• Task directions: Under this line is some data; print exactly the lines from the one containing "Vader, bevelhebber militaire" through its last line, without pictures.

• Material provided:
- - -

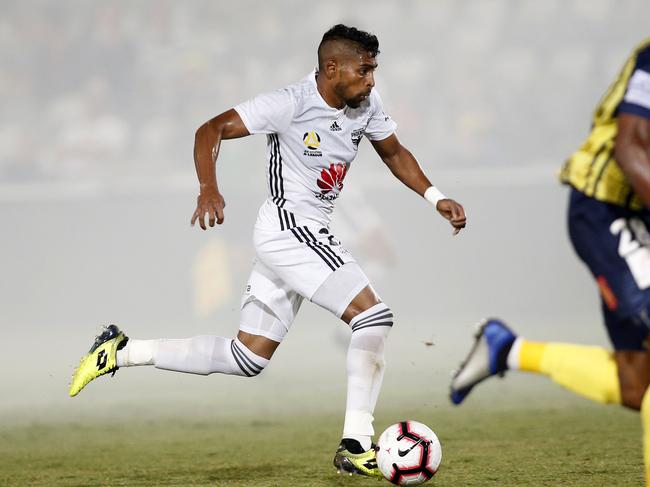 Roy Krishna of Wellington during the Round 21 A-League match between the Central Coast Mariners and the Wellington Phoenix at Central Coast Stadium in Gosford, Saturday, March 9, 2019. (AAP Image/Darren Pateman) NO ARCHIVING, EDITORIAL USE ONLY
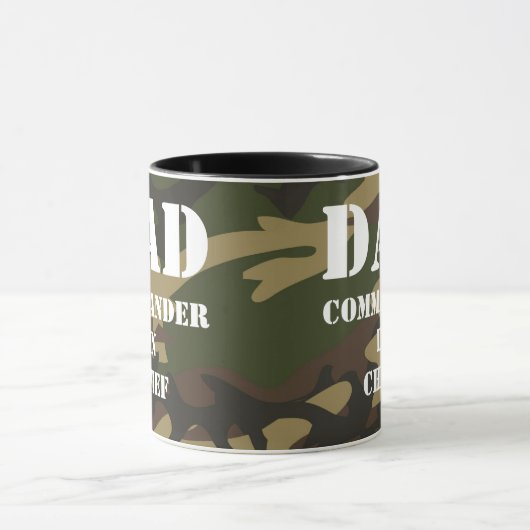 Vader, bevelhebber militaire hoofdvader van Camo Mok (Midden)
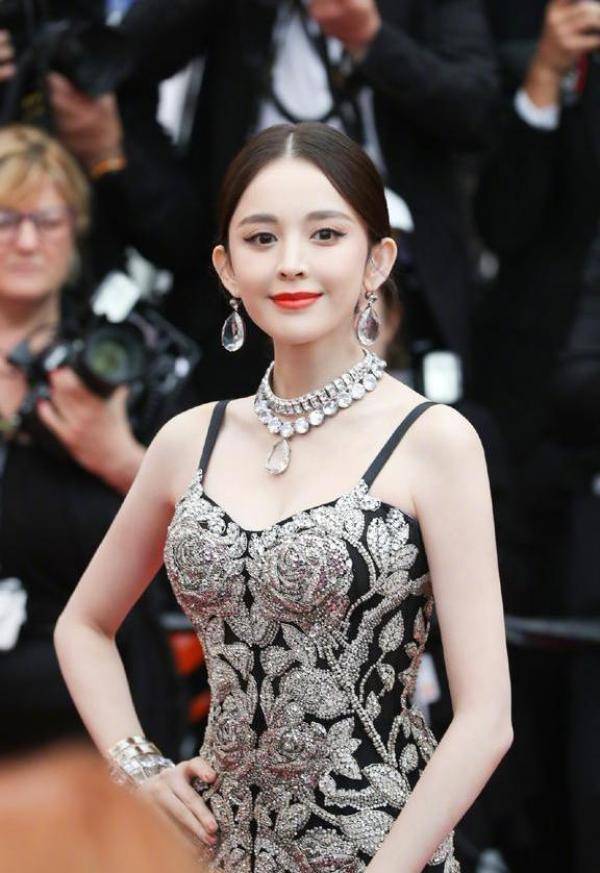 古力娜扎为美拼了,穿刺绣玫瑰裙耳戴"水晶球",隔着屏幕都觉得疼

- - -

• Written answer:
 Vader, bevelhebber militaire hoofdvader van Camo Mok (Midden)
 古力娜扎为美拼了,穿刺绣玫瑰裙耳戴"水晶球",隔着屏幕都觉得疼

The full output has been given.